((

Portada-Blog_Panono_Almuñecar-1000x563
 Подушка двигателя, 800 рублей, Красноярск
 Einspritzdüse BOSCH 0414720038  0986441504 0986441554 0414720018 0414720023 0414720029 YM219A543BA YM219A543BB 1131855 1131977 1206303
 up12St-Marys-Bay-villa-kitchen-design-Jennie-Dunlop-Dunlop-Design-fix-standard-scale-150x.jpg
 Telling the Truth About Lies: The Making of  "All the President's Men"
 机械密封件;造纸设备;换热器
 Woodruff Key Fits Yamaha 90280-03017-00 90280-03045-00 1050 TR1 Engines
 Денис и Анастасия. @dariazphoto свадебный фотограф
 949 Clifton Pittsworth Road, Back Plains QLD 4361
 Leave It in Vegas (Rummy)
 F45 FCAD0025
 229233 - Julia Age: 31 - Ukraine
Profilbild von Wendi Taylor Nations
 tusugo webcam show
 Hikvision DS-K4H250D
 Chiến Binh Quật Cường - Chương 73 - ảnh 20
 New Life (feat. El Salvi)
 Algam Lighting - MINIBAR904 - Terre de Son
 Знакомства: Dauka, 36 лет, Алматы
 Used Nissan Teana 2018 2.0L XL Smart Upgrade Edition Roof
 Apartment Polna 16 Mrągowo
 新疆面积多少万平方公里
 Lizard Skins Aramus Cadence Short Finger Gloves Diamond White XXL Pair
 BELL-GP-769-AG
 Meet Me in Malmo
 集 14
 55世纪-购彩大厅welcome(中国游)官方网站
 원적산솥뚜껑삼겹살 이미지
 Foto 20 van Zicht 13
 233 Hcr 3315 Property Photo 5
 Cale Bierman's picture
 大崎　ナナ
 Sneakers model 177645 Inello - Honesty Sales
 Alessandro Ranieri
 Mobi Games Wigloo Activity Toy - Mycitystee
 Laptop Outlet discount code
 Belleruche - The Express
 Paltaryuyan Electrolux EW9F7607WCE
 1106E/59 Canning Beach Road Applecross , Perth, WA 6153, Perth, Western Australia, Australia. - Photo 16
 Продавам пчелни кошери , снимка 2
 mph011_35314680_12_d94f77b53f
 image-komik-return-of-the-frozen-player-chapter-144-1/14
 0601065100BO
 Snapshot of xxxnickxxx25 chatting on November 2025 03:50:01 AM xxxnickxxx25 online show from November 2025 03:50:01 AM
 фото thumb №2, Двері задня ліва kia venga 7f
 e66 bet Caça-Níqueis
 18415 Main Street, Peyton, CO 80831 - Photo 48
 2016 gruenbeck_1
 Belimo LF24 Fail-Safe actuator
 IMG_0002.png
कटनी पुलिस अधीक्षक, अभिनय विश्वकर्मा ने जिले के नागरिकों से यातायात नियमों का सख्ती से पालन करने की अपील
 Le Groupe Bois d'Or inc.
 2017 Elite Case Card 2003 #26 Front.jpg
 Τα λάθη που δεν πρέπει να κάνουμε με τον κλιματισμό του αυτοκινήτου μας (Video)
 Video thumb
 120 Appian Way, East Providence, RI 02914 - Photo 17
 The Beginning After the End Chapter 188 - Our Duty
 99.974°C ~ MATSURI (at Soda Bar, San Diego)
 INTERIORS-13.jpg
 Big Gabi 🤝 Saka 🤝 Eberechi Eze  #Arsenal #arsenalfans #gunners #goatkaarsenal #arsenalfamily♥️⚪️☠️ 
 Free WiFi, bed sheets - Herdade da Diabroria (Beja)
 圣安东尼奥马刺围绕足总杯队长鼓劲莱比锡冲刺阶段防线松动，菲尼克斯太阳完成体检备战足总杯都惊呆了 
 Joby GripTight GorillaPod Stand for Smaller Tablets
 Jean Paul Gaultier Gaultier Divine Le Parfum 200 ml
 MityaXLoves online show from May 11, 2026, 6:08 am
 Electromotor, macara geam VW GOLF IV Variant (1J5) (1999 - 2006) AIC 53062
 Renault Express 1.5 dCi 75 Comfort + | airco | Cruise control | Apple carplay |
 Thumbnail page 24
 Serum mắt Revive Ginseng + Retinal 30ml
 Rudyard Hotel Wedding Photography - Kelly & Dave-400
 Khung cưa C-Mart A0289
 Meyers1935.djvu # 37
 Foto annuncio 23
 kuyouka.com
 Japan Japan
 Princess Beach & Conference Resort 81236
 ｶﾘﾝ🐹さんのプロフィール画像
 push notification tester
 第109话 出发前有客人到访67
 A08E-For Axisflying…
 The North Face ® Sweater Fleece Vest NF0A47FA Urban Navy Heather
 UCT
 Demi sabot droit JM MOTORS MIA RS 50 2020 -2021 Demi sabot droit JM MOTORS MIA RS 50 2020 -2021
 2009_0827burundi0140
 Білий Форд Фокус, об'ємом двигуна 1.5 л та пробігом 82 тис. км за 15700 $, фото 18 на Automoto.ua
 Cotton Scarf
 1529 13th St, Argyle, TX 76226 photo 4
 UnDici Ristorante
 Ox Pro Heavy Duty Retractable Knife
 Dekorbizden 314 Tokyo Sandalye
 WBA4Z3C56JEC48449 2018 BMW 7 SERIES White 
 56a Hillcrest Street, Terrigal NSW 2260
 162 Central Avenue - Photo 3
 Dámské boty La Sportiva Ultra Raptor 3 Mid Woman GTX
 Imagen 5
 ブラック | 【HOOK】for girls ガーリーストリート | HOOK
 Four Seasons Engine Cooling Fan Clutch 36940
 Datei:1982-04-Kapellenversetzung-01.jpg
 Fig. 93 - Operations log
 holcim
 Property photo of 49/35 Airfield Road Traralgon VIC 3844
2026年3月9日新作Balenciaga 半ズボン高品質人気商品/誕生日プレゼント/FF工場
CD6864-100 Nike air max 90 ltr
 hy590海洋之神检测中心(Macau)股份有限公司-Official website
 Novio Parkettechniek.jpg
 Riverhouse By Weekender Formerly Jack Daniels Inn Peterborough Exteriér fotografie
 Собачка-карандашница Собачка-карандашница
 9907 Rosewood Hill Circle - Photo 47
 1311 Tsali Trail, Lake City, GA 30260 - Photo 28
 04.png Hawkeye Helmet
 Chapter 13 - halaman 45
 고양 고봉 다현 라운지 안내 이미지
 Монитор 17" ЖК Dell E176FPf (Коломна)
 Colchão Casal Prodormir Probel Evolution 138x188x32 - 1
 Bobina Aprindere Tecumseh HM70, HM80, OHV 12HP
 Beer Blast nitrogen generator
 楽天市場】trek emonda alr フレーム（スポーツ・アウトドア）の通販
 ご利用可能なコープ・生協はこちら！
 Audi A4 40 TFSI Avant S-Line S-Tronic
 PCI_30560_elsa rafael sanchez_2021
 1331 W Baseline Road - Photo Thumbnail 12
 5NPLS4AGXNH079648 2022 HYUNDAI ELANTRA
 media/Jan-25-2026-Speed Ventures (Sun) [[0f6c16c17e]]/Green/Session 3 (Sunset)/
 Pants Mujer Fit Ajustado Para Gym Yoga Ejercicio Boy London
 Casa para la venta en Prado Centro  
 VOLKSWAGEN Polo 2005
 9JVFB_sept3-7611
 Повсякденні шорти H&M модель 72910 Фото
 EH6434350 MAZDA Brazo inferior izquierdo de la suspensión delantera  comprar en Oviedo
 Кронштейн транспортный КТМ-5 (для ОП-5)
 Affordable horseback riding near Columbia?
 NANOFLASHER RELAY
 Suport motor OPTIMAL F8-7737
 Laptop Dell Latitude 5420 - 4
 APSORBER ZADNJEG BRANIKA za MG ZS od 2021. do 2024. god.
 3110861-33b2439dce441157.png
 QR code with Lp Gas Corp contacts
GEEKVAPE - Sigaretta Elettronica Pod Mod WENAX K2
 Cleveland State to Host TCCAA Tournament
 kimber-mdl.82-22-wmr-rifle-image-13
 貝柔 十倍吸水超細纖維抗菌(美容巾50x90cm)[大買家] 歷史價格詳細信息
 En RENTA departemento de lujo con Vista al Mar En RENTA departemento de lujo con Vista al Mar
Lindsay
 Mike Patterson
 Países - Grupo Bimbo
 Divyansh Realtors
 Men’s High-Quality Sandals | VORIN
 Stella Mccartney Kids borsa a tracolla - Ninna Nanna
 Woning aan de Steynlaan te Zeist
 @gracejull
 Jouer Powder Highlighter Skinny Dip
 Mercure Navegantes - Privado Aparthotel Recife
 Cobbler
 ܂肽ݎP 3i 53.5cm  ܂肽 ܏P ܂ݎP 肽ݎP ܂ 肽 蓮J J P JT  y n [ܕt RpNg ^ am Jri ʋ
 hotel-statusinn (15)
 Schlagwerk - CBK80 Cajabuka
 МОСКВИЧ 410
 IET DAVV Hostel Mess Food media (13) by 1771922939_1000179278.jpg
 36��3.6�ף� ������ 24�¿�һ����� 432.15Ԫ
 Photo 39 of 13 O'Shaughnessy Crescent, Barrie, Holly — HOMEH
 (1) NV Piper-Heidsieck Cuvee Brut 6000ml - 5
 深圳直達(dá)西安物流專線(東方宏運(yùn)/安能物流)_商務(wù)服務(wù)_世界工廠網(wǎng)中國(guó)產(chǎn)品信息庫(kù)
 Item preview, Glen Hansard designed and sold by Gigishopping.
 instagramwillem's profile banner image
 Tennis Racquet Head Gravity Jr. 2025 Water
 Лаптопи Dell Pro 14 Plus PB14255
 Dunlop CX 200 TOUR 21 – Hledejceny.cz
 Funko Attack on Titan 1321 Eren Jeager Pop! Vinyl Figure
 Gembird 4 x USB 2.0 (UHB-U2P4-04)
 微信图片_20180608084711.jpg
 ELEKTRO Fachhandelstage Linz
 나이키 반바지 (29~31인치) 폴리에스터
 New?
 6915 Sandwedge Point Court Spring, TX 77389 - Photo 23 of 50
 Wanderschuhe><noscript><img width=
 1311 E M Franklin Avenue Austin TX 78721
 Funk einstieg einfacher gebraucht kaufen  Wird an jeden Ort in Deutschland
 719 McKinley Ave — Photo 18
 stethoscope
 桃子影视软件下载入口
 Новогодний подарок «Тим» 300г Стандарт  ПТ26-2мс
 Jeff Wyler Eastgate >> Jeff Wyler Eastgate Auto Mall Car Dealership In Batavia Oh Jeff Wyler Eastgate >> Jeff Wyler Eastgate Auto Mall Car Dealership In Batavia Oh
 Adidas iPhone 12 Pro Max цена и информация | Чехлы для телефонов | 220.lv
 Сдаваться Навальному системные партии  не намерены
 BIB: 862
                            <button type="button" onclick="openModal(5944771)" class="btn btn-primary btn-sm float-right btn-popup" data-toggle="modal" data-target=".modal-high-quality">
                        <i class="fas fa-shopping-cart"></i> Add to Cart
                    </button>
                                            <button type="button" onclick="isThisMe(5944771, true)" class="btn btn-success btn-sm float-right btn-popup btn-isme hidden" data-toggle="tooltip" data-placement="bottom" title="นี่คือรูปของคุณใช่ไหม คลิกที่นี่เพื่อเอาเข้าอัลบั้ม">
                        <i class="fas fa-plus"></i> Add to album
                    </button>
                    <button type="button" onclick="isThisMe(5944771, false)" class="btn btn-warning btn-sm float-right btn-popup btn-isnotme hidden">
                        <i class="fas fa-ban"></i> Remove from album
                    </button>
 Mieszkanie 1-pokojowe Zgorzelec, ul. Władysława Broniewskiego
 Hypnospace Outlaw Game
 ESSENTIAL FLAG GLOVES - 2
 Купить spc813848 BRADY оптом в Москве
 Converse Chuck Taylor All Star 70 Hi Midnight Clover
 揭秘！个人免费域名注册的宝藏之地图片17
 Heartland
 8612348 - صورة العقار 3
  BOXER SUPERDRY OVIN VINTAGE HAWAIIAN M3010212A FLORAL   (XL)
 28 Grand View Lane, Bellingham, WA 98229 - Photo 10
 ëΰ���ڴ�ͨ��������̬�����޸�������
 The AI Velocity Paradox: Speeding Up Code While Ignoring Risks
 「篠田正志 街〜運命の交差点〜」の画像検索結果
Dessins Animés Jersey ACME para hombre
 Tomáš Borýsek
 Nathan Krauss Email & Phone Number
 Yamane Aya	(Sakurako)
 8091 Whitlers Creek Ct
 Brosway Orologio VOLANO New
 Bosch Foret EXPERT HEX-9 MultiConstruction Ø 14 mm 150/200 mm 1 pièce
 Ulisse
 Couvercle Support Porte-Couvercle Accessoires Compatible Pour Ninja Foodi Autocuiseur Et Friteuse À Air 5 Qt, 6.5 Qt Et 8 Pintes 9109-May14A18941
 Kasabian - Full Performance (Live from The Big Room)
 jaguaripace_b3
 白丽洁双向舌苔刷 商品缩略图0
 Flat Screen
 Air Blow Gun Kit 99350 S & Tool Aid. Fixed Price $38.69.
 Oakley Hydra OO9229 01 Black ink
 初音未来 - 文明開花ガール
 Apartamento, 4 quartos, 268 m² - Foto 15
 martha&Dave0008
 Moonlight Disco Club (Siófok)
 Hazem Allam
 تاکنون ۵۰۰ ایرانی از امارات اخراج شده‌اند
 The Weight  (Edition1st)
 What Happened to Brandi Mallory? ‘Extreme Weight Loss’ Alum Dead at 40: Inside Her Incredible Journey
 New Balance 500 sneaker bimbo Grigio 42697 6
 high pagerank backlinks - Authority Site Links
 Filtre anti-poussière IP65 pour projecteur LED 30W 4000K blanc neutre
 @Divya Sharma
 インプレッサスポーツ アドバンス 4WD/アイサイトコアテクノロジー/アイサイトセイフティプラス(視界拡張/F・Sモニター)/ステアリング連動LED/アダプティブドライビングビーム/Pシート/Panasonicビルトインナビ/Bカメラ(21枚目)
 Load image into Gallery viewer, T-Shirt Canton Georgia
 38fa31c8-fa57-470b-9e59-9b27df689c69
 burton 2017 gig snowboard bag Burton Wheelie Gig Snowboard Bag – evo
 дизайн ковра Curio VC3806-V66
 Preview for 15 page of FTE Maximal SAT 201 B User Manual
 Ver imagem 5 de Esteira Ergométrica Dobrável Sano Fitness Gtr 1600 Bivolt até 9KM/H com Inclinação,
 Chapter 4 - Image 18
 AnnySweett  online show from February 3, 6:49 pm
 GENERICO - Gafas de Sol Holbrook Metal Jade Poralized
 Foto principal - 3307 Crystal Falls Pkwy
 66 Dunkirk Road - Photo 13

))

- Exercise
Give again exactly, and only, the lines above starting at the one with "GEEKVAPE - Sigaretta" and ending at the one with "instagramwillem's profile banner image".

- Solved problem
GEEKVAPE - Sigaretta Elettronica Pod Mod WENAX K2
 Cleveland State to Host TCCAA Tournament
 kimber-mdl.82-22-wmr-rifle-image-13
 貝柔 十倍吸水超細纖維抗菌(美容巾50x90cm)[大買家] 歷史價格詳細信息
 En RENTA departemento de lujo con Vista al Mar En RENTA departemento de lujo con Vista al Mar
Lindsay
 Mike Patterson
 Países - Grupo Bimbo
 Divyansh Realtors
 Men’s High-Quality Sandals | VORIN
 Stella Mccartney Kids borsa a tracolla - Ninna Nanna
 Woning aan de Steynlaan te Zeist
 @gracejull
 Jouer Powder Highlighter Skinny Dip
 Mercure Navegantes - Privado Aparthotel Recife
 Cobbler
 ܂肽ݎP 3i 53.5cm  ܂肽 ܏P ܂ݎP 肽ݎP ܂ 肽 蓮J J P JT  y n [ܕt RpNg ^ am Jri ʋ
 hotel-statusinn (15)
 Schlagwerk - CBK80 Cajabuka
 МОСКВИЧ 410
 IET DAVV Hostel Mess Food media (13) by 1771922939_1000179278.jpg
 36��3.6�ף� ������ 24�¿�һ����� 432.15Ԫ
 Photo 39 of 13 O'Shaughnessy Crescent, Barrie, Holly — HOMEH
 (1) NV Piper-Heidsieck Cuvee Brut 6000ml - 5
 深圳直達(dá)西安物流專線(東方宏運(yùn)/安能物流)_商務(wù)服務(wù)_世界工廠網(wǎng)中國(guó)產(chǎn)品信息庫(kù)
 Item preview, Glen Hansard designed and sold by Gigishopping.
 instagramwillem's profile banner image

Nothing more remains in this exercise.